Рассказываешь, — сам видел, не понаслышке, — и вдруг стыдно тебе становится перед этими бастующими бабами, перед этим гальюнным охотником. Ведь рассказываю я это ахающим и охающим сытым людям. Ощущение не то что вранья, а как бы театра крепостных или же обученья анатомии на теле пьяницы-проститутки. Миллионы протащенных через эту дыбу, через это вымораживанье и выпариванье души и духа — пусть бросит камень, кто сам не прошел через это.
Сумасшедший Иван Ипполитович из романа Залыгина считал, что человечество способна спасти только Книга ужасов. Но и вся-то история человечества, да уж если на то пошло, то и всего животного мира, возможно даже всей Земли, — не что иное, как Книга ужасов. Читайте, пока не опротивеет. Восклицайте: «Это не должно повториться!» Увы, повторяется. и становится все страшнее и противнее, как сейчас вот. и множатся книги ужасов. Но ужасы не увеличиваются, не возвеличиваются от повторения. Скорее наоборот. и читаются эти книги уже с клиническим интересом. Из этического, человеческого, вселенского: Быть или Не Быть? Что такое Человек, что Ты столько испытываешь его? — это превращается в вопрос технический, в вопрос удобного убийства, в вопрос массовых убийств, промышленного уничтожения людей и их трупов, в вопрос использования трупов животных и трупов человеческих, в вопрос накопления власти и продлевания дурной бесконечности.
Милосердного Бога нет не потому, что бессердечный барин затравливает ребенка собаками. Его нет потому, что это все более массово, а в массе каждый — никто.
У божьих врат пробки: души прут, как стада на бойню, давя и копытя друг друга.

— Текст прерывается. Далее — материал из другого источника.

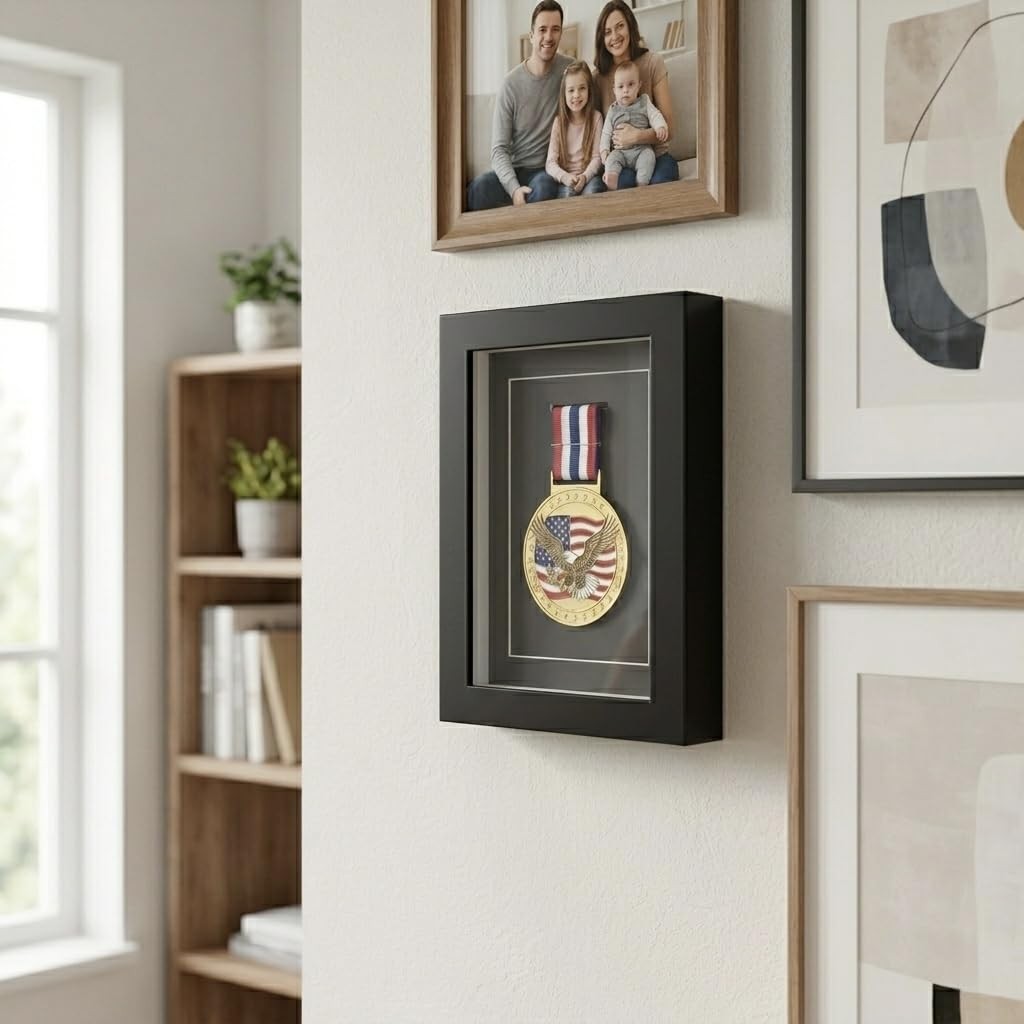 Medal Display Case Shadow Box 6×8 – Black Solid Wood Medal Frame with Real Gl…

А вторым звоночком, и очень явным, была неимоверная тяжесть писать, косный, неогибаемый гнет. Мне приходилось чуть не за волосы тащить себя к моему «святому труду» и силой же удерживать себя за столом.
Я выжил, чтобы написать. Но теперь мне казалось, что в моем неукротимом стремлении меня поддерживала именно запретность, невозможность этого. Старая история, почему медлит Гамлет, после таких-то пылких клятв: «Отныне в книге мозга моего пребудет лишь твой завет!» Неужто чует датский принц, что не место и не время еще — что-то не то и не так. Столь пылкое стремление — и оторопь, бессилие, даже отвращение!

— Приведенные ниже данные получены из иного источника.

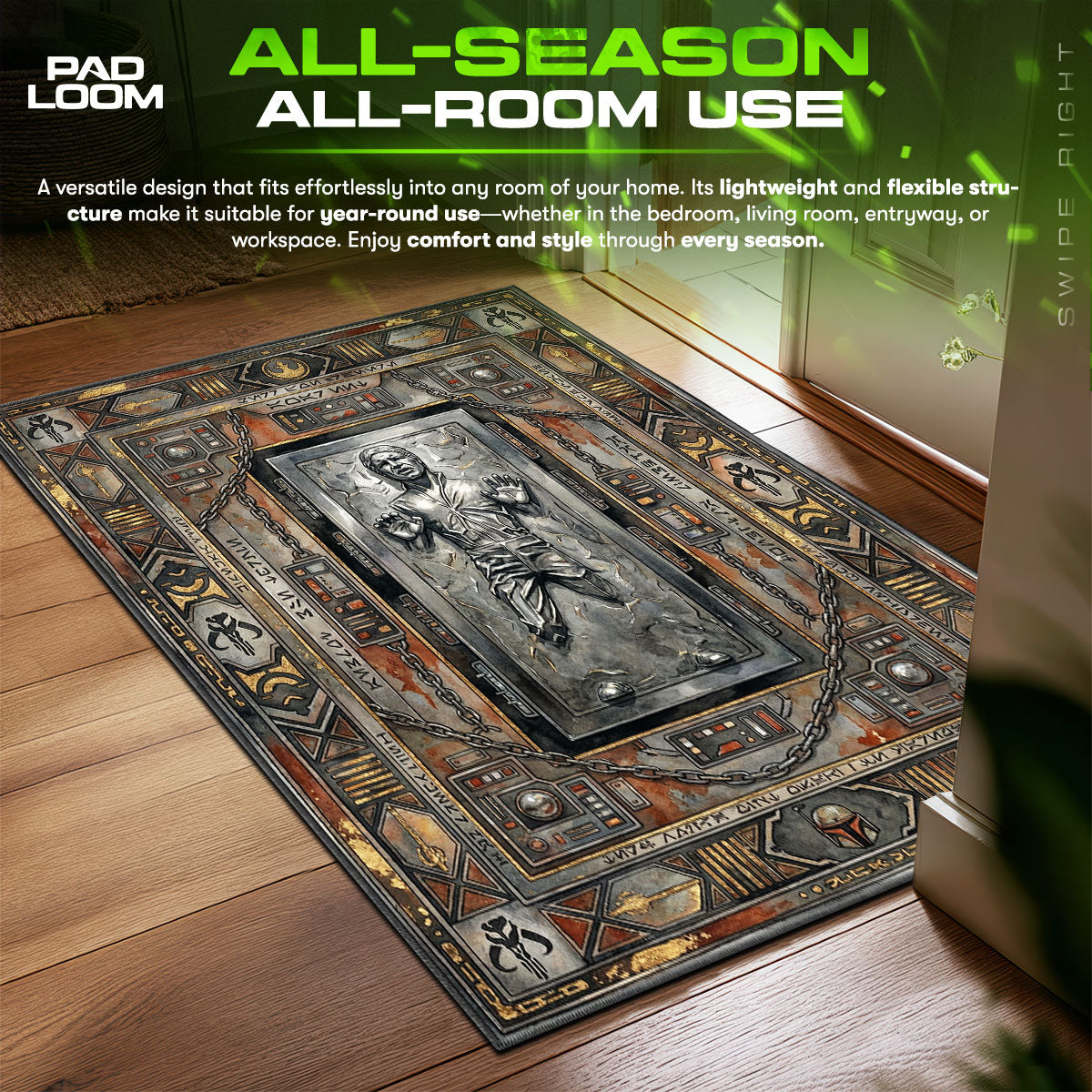 Han Solo Carbonite Star Wars Room fan rug — premium quality print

Но уж очень волевым я оказался. Не идет, не получается, а я на горло себе наступаю: пиши, если сумел выжить. Ведь выжил же — а вроде незачем. Свидетельствуй! Есть же, о чем поведать. Стар стал? Не писатель? Это — не литература? Пусть. Не важно, какой это жанр. Публицистика? Исторический жанр? Сатира, юмор, исповедь — какая разница? Пиши, свидетельствуй. Как бы ни называлось то, что заставляет тебя мучиться, вспоминать, класть на слова, втискивать в предложения и абзацы: долг ли это, сапоги всмятку, честь, клятва, необходимость ли исторгнуть из себя, освободиться, — но ты это сделаешь!

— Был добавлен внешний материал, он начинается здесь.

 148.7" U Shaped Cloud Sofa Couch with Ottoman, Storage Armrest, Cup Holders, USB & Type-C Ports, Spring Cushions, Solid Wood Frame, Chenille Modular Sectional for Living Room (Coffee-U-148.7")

И — полная оторопь, бессилие, тупик. Не то, чтобы не туда, не в яблочко — вообще никуда!
Мой друг Шкипер, писатель милостью божьей, подростком прошедший арбайт-лагерь, вспоминал, что вернулся с немецкой каторги с ощущеньем, что знает о жизни все, но ему потребовалось тридцать лет, чтобы суметь кое-что рассказать о главных своих жизненных переживаниях.
Он действительно знал не понаслышке, что такое фашизм. Фашизм — он вот что такое! а ЧТО все-таки такое — фашизм?
Мы говорили друг другу: «В стране произошел фашистский переворот», не замечая, что слово само по себе мало что означает. Как «дурак» и «сам дурак». По самоназванию и у нас, и в Германии это был социализм. Разница была как бы в одном: там национал-социализм, а у нас интернационал-социализм. Заметь, кстати, что мы довольно быстро справились с преодолением этой маленькой разницы, да и сейчас вполне справляемся, забыв об интернационале, оставив один «национал». Да и вторая половина ведущих этих слов становится все больше второстепенной: кому «национал-капитализм», кому «национал-социализм» — дело вкуса, была бы своя нация.
И вообще путано, господа-товарищи, поскольку речь идет попросту о том, кого можно и нужно уничтожать, а кого нельзя и вредно, для себя в частности.